» Source data
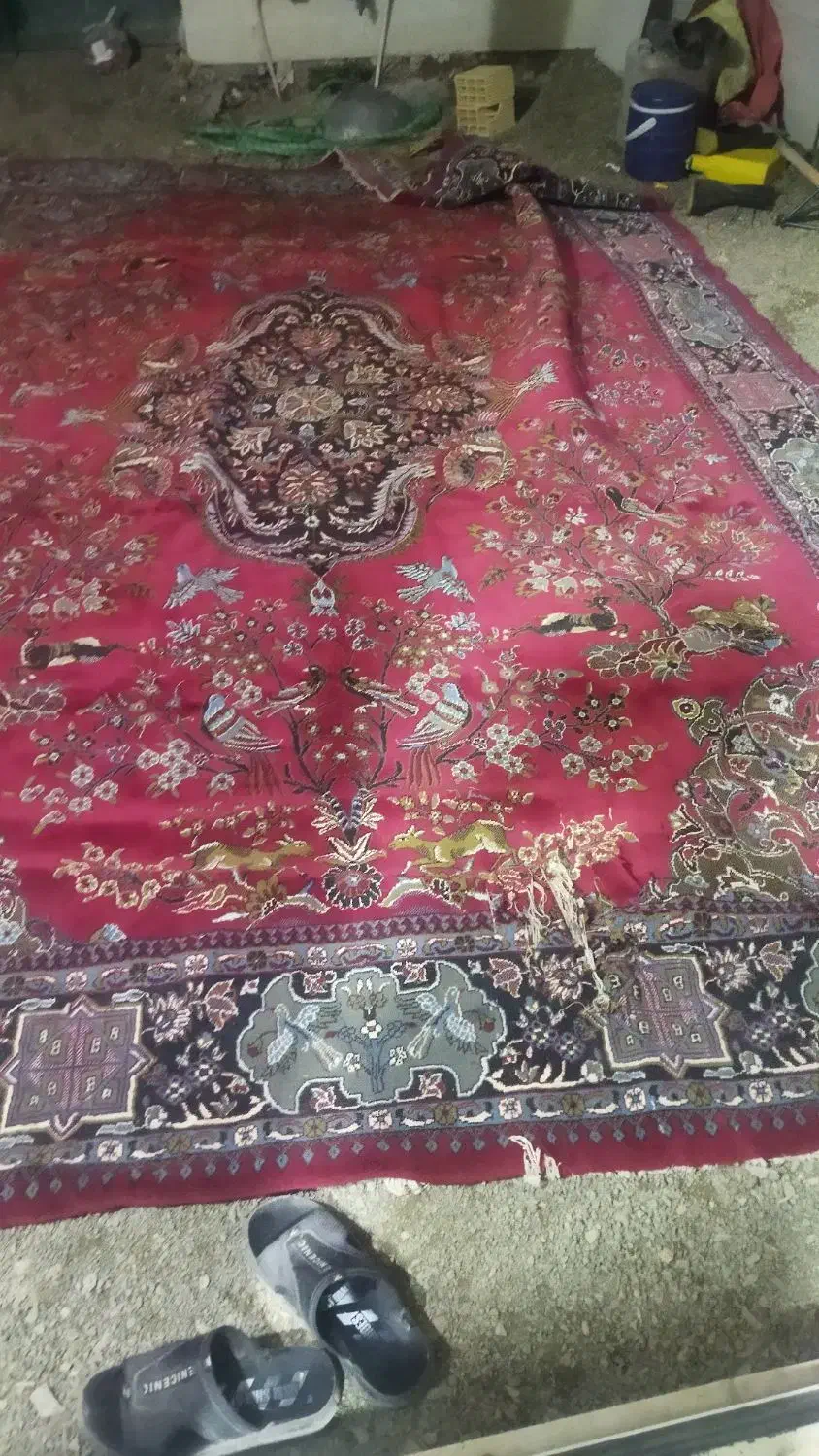 فرش 12 متری درحدنو|فرش|کوهدشت, |دیوار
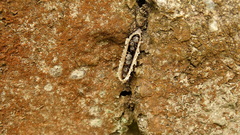 Friesella schrottkyi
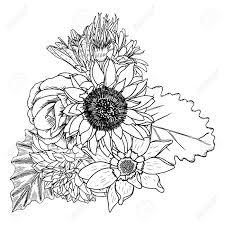 Io scelgo, uno ad uno, una serie di oggetti naturali. Vettoriale Fiori Bouquet Di Diversi Fiori Disegnati A Mano Vintage Bianco Nero E Isolato Puo Essere Utilizzato Come Invito Biglietto Di Auguri Stampa Vector Image 74302992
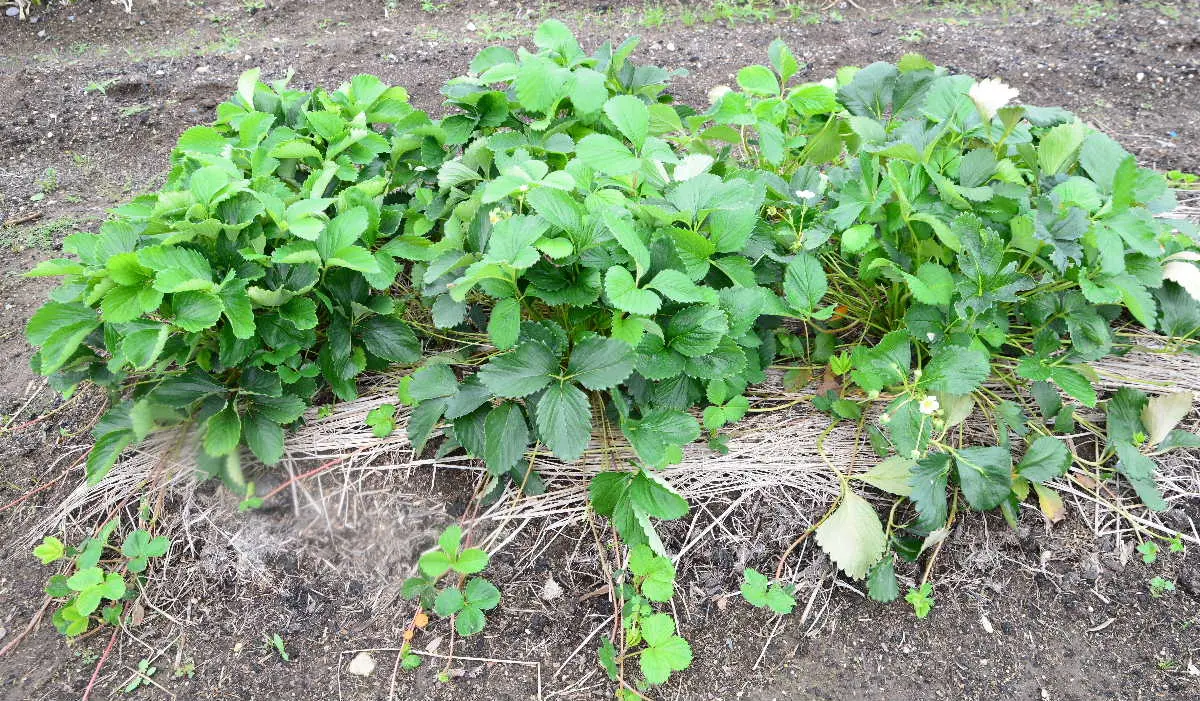 こごみ　大苗　ランナーが　出るたび増える！ こごみ 大苗 ランナーが 出るたび増える！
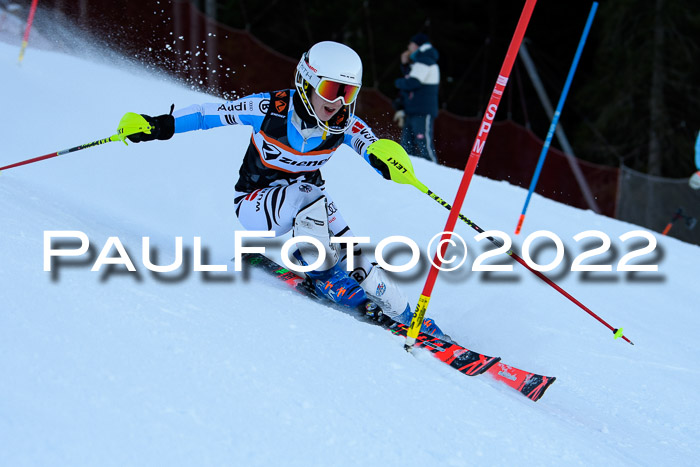 FIS Slalom Damen + Herren, ATA, 16.01.2022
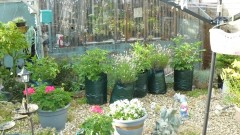 drobes 03 07 23 048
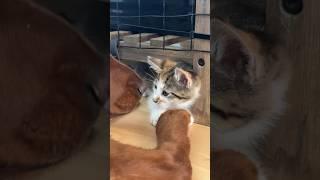 Day 25 Tikka Marsala Picatta & Francese Foster Kittens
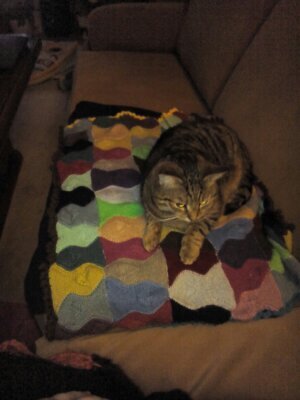 Meine kleine Herausforderung diese Fisch-Patchwork Decke wird von meinem Kätzchen sehr geliebt...
Es hat viel Zeit gekostet aber ich finde das hat sich gelohnt  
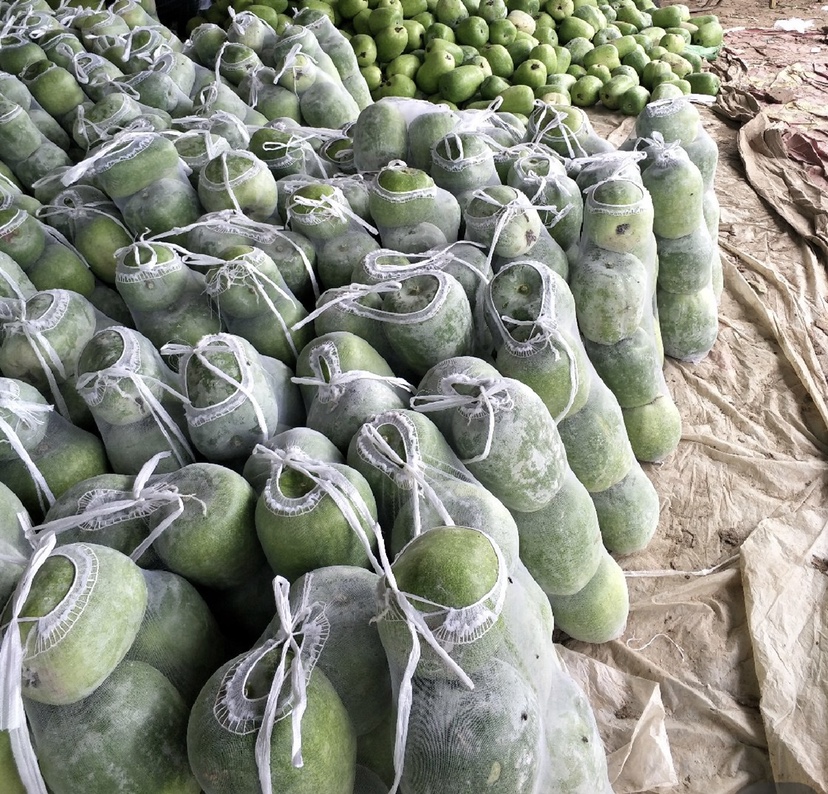 绿春县冬瓜交易市场实景图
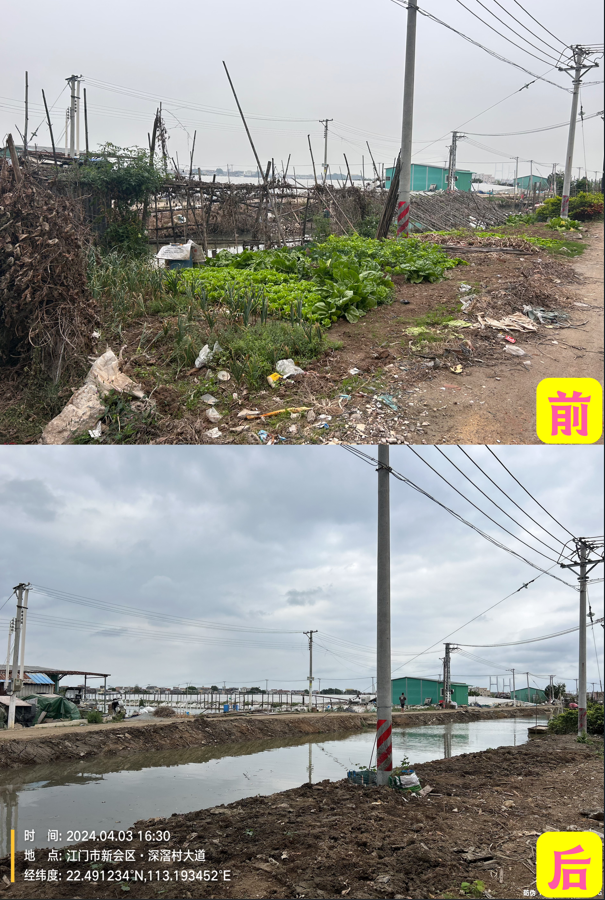 新会区大鳌镇开展中阳高速沿线环境整治提升行动前后景观风貌对比。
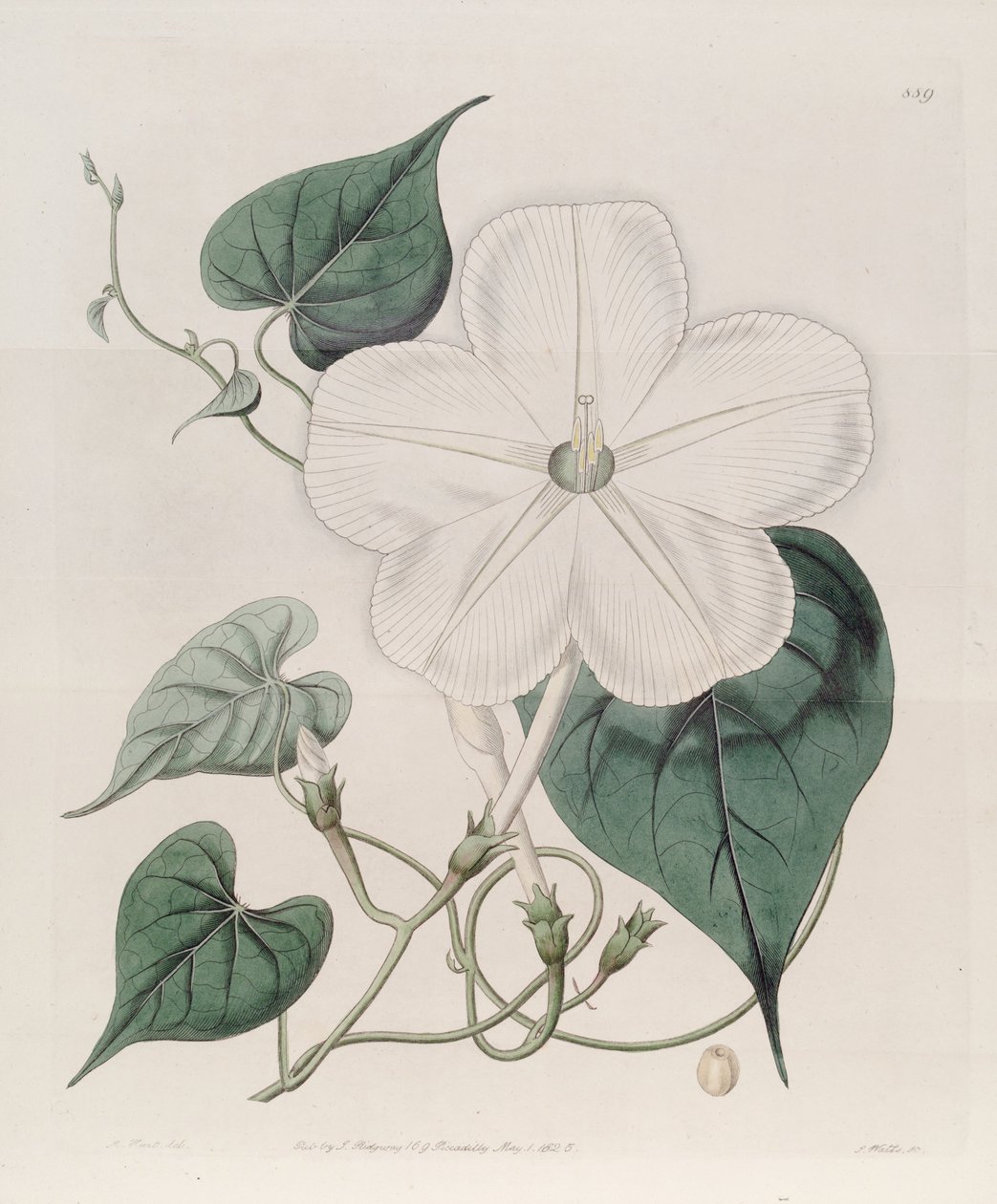 Ipomoea alba autorstwa J.Sims
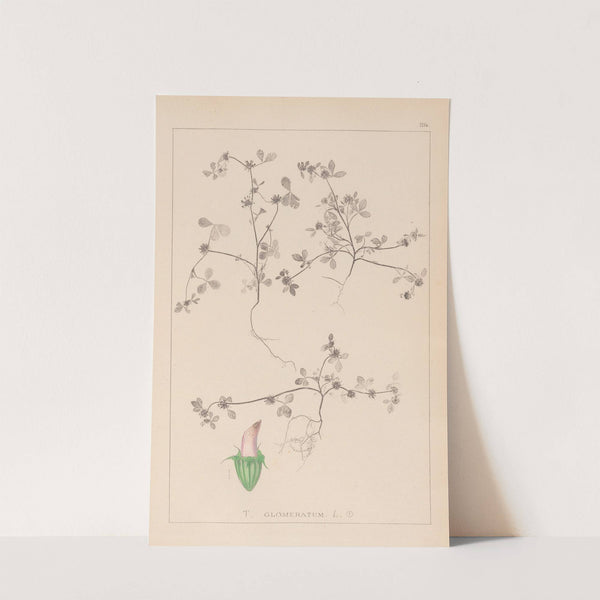 Herbier de la flore française Pl.0349 by Louis Antoine Cusin
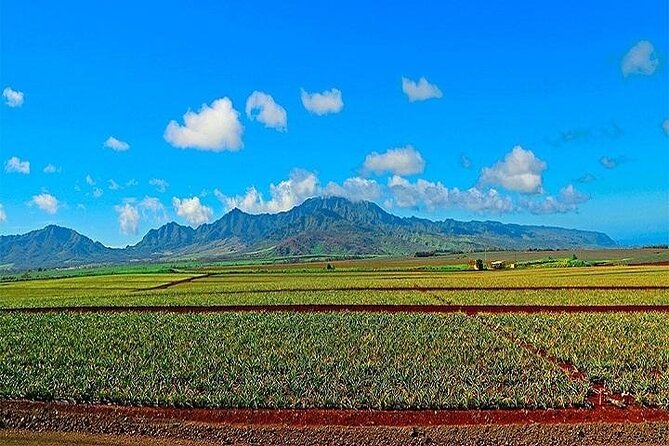 Oahu Grand Circle Island Experience from Waikiki - Kahuku shrimp makes lunch a local-food highlight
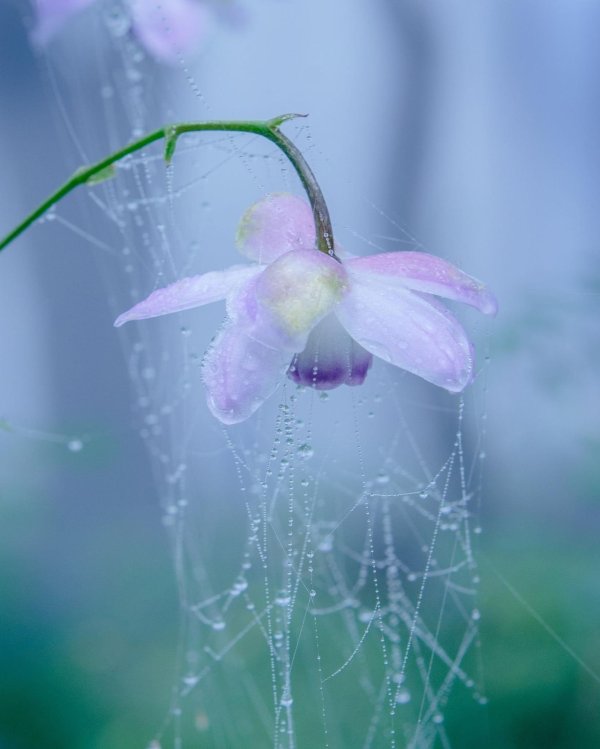 anemonopsis macrophylla
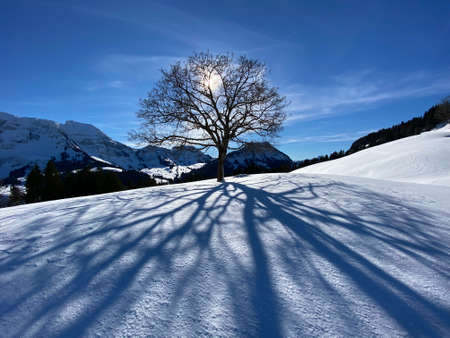 A magical play of light and shadow on a pure white snow cover in a mixed alpine forest, SchwÃ¤galp mountain pass - Canton of Appenzell Ausserrhoden, Switzerland (Schweiz)の写真素材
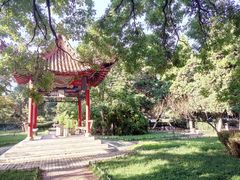 -陕西师范大学(雁塔校区)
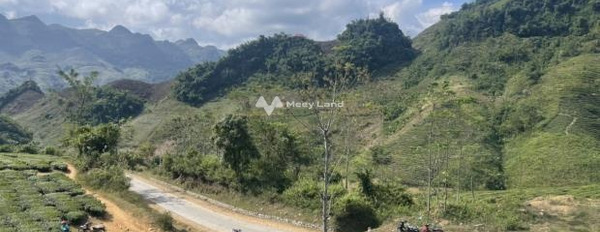 Mộc Châu, Sơn La bán đất giá rẻ bất ngờ chỉ 100 triệu diện tích trong khoảng 1000m2-03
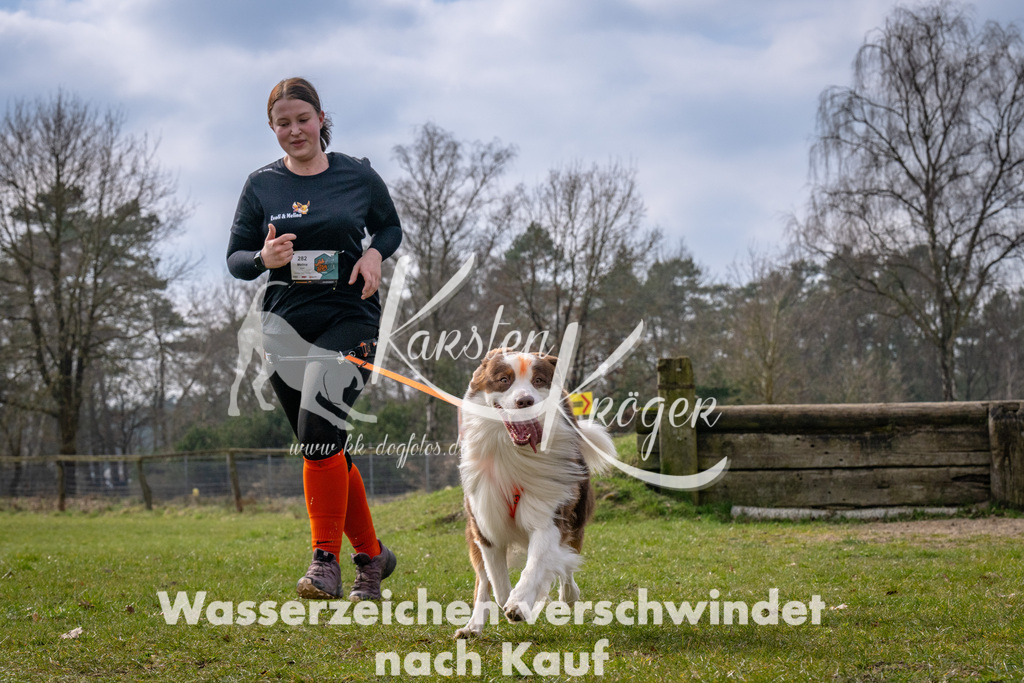 _ZZ93428 | kk-dogfotos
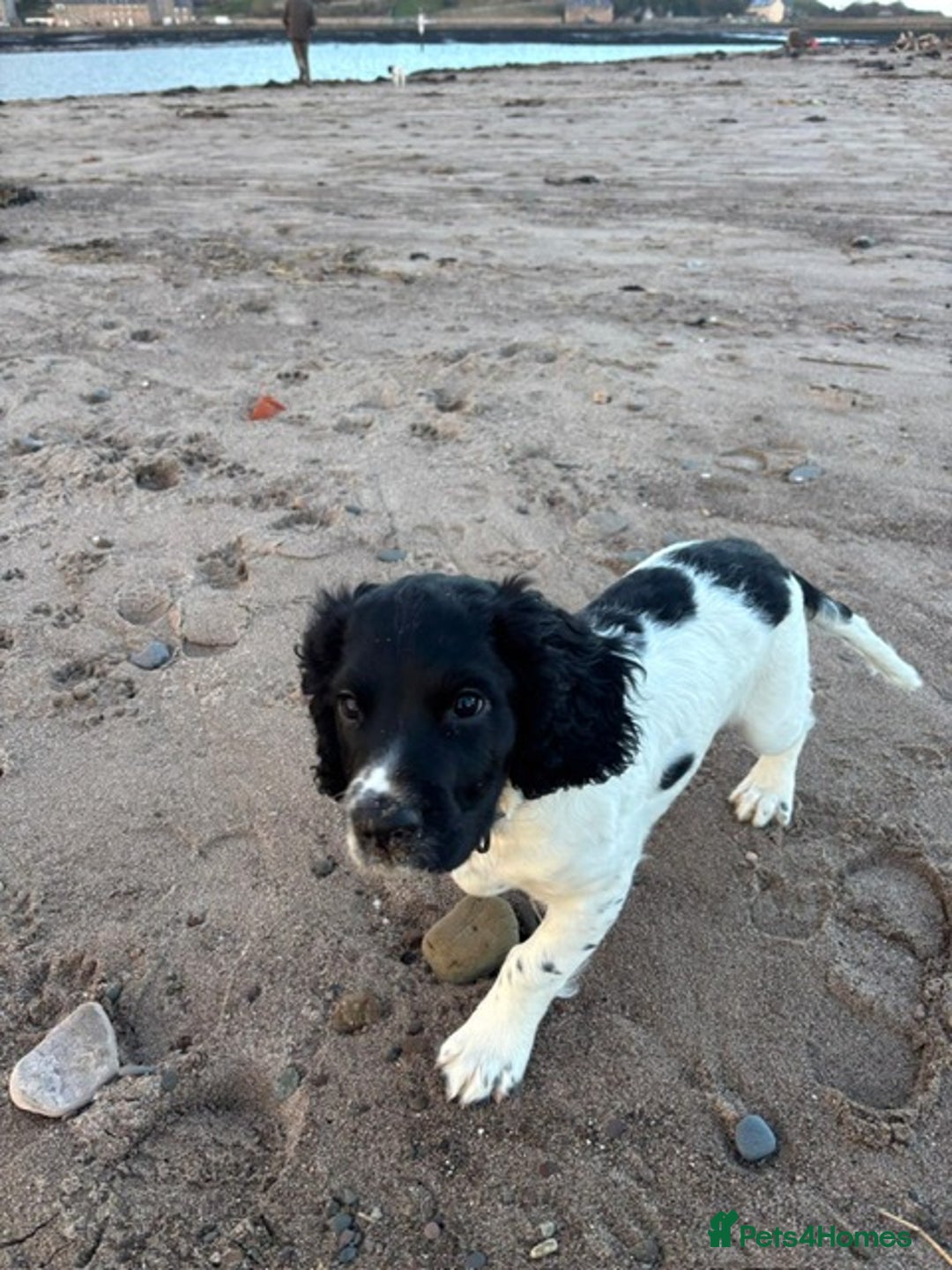 English Springer Spaniel dogs for sale: READY NOW. Kc Registered Springer Spaniel Pup  - Advert 1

» Problem
The records above are to be restated word for word, with every picture left out.

» Result
 فرش 12 متری درحدنو|فرش|کوهدشت, |دیوار
 Friesella schrottkyi
 Io scelgo, uno ad uno, una serie di oggetti naturali. Vettoriale Fiori Bouquet Di Diversi Fiori Disegnati A Mano Vintage Bianco Nero E Isolato Puo Essere Utilizzato Come Invito Biglietto Di Auguri Stampa Vector Image 74302992
 こごみ　大苗　ランナーが　出るたび増える！ こごみ 大苗 ランナーが 出るたび増える！
 FIS Slalom Damen + Herren, ATA, 16.01.2022
 drobes 03 07 23 048
 Day 25 Tikka Marsala Picatta & Francese Foster Kittens
 Meine kleine Herausforderung diese Fisch-Patchwork Decke wird von meinem Kätzchen sehr geliebt...
Es hat viel Zeit gekostet aber ich finde das hat sich gelohnt  
 绿春县冬瓜交易市场实景图
 新会区大鳌镇开展中阳高速沿线环境整治提升行动前后景观风貌对比。
 Ipomoea alba autorstwa J.Sims
 Herbier de la flore française Pl.0349 by Louis Antoine Cusin
 Oahu Grand Circle Island Experience from Waikiki - Kahuku shrimp makes lunch a local-food highlight
 anemonopsis macrophylla
 A magical play of light and shadow on a pure white snow cover in a mixed alpine forest, SchwÃ¤galp mountain pass - Canton of Appenzell Ausserrhoden, Switzerland (Schweiz)の写真素材
 -陕西师范大学(雁塔校区)
 Mộc Châu, Sơn La bán đất giá rẻ bất ngờ chỉ 100 triệu diện tích trong khoảng 1000m2-03
 _ZZ93428 | kk-dogfotos
 English Springer Spaniel dogs for sale: READY NOW. Kc Registered Springer Spaniel Pup  - Advert 1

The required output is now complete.